Most of the Build Center branches will be rebranded as Jewson, although some will become Gibbs & Dandy. “We’ll then have 664 sites and be one of the two biggest builders merchants in the UK,” said Mr Hindle, adding that he has “huge respect” for his main competitor, Travis Perkins.

The Build Center acquisition will mark the end of the “big swallows” in the sector, he added. “There will be some one-off acquisitions for sure but I think, in terms of generalists, the UK consolidation is pretty well complete. We started the consolidation process with the acquisition of Harcros in 1997 and finished 2011 with Build Center, which was number four in the UK. During that time we’ve spent £1.1bn on acquisitions.”

Survival of the fittest

He’s obviously confident that Jewson has the scale to survive the ongoing economic downturn and is phlegmatic about current activity in the building sector. “I wouldn’t get depressed about it – it’s just what we’ve got,” he said. “And I have to say that if it wasn’t tough at the moment we wouldn’t have been able to buy Build Center. It’s a good test of how good your strategy is, how good your people are and how good your balance sheet is. The strongest survive.”

Jewson’s core customer base, the small- to medium-sized builders still seem to be quite busy and there are home improvements to be done, although people are waiting before they invest in the bigger ticket items such as kitchens and bathrooms, said Mr Hindle.

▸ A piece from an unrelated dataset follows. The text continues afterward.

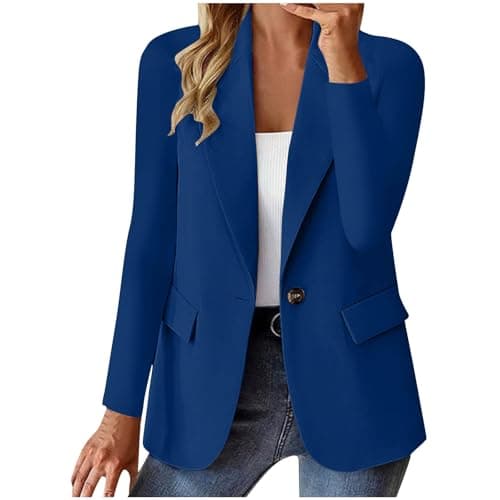 Work Blazers for Women Oversized Open Front Long Sleeve Office Jackets 2026 Comfy Loose Business Suit Blazer（Blue-01，3X-Large — view 2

“A lot of our trade customers have extended their skill sets,” he said, adding that around a thousand customers had undergone training at Jewson’s Greenworks Academy and were now, for example, accredited solar panel and/or ground source heat pump fitters.

As far as new build goes, he agrees that financial constraints will still dominate in housebuilding and first-time buyer mortgages, which will make it difficult to get the sector – and the economy – moving again.

“However, the fact is that that’s not sustainable. We have to build houses [in the UK] and at some point that will happen, so we take our opportunities and get ourselves set for growth.”

Green Deal

He’s also hopeful that growth will come from Jewson’s ability to capitalise on government initiatives to reduce CO2 emissions, such as the Green Deal. “The government has woken up to the fact that the best way to reduce the carbon footprint is through the existing housing stock, rather than new build,” he said.

“As long as the scheme is understandable and engages with the trade and the finances are made straightforward, then I think it will work.”

Without the sovereign debt crisis he believes carbon footprint reduction would be further along the track: “But it will come – absolutely it will. And timber will play a massive part in that because it’s sustainable and it’s back in fashion. It’s where it belongs now.”